Neste momento em que é imperiosa a necessidade de aprimoramento das nossas instituições democráticas, é necessário repensar o processo de fortalecimento da Câmara dos Deputados, de forma a resgatar a sua missão catalisadora do debate dos grandes temas nacionais que interessam diretamente à cidadania.

Devo reconhecer e ressaltar, porém, o esforço da atual direção desta Casa e especialmente do seu Presidente, meu amigo, Deputado Michel Temer, na busca permanente da valorização de nossa Instituição. Algumas de suas iniciativas já são conquistas definitivas do Parlamento Brasileiro. Como ele mesmo diz “é preciso continuar avançando“, é preciso continuar aprimorando.

Esse aprimoramento do Poder Legislativo exige a renovação de posturas de cada um de nós, de maneira a transmitir à sociedade a certeza de que, ao expressar as aspirações coletivas, a Câmara saberá fazê-lo com transparência e seriedade.

Ao indicar o meu nome como candidato à Presidência da Câmara dos Deputados, o PSDB traçou as linhas fundamentais que servirão para nortear o trabalho da futura mesa diretora desta Casa, cuja composição deverá respeitar a pluralidade da representação partidária.

Quero reafirmar essas diretrizes e fazer delas o compromisso de uma ação, que irá identificar a agenda das aspirações nacionais, transformando o plenário da Câmara na mais elevada tribuna para a discussão daqueles temas que realmente interessam aos brasileiros, identificando-se, então, a solução legislativa aplicável em cada caso. A sociedade, somente ela é quem deverá pautar esta Casa e estabelecer sua agenda.

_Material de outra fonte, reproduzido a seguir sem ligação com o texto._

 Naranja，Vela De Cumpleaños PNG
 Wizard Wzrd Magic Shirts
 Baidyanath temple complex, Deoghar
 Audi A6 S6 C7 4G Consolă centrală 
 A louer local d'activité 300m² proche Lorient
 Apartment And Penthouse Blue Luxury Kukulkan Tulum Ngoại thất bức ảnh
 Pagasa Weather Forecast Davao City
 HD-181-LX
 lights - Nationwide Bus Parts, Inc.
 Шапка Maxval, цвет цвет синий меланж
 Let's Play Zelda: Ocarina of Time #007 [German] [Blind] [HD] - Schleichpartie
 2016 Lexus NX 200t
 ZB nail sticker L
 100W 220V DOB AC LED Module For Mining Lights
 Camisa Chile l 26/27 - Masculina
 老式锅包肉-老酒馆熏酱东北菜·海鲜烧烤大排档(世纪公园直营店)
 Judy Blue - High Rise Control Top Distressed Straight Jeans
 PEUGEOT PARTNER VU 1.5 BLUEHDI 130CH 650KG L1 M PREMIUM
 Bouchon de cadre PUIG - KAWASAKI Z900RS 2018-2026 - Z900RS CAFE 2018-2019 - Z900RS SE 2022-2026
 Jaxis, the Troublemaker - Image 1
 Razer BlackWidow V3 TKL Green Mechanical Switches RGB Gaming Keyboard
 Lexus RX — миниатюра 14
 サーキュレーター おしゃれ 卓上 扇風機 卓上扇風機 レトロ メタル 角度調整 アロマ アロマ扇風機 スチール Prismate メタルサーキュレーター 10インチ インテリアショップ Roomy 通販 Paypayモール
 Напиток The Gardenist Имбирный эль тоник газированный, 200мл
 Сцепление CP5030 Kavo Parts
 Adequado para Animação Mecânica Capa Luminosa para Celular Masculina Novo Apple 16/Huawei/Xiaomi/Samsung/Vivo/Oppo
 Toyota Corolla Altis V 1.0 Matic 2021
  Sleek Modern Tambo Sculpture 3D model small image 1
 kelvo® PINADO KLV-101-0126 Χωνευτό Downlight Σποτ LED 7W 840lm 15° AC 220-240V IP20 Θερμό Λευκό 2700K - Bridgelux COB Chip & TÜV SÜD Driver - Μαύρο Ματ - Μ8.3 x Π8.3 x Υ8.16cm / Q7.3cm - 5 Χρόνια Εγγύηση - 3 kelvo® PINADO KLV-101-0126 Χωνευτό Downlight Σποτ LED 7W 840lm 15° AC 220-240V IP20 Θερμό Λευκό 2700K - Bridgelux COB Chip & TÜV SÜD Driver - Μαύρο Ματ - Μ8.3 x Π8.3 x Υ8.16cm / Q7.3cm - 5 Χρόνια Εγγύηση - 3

Aberta às aspirações nacionais, a Presidência proporá a criação de uma Comissão Permanente de Petições nos moldes do que se fez no Parlamento Europeu, com o objetivo de receber e analisar todas as sugestões que nos forem encaminhadas pela sociedade civil, podendo se transformar em projetos de lei a serem submetidos à apreciação parlamentar.

Nossa missão será a de aperfeiçoar os mecanismos de comunicação entre a Câmara e a sociedade, de modo a aumentar a transparência do nosso Poder. Receber e processar seriamente as propostas populares na Comissão de Petições é uma face desse processo. A outra, é dar a conhecer à sociedade os debates e trabalhos da Câmara e de seus parlamentares individualmente. Regionalizar a cobertura da TV e Rádio Câmara será também um instrumento de aproximação desta Casa com seus representados. Limitar a criação das comissões especiais como forma de valorização das Comissões Permanentes e do processo legislativo é uma prioridade que desde já antecipo.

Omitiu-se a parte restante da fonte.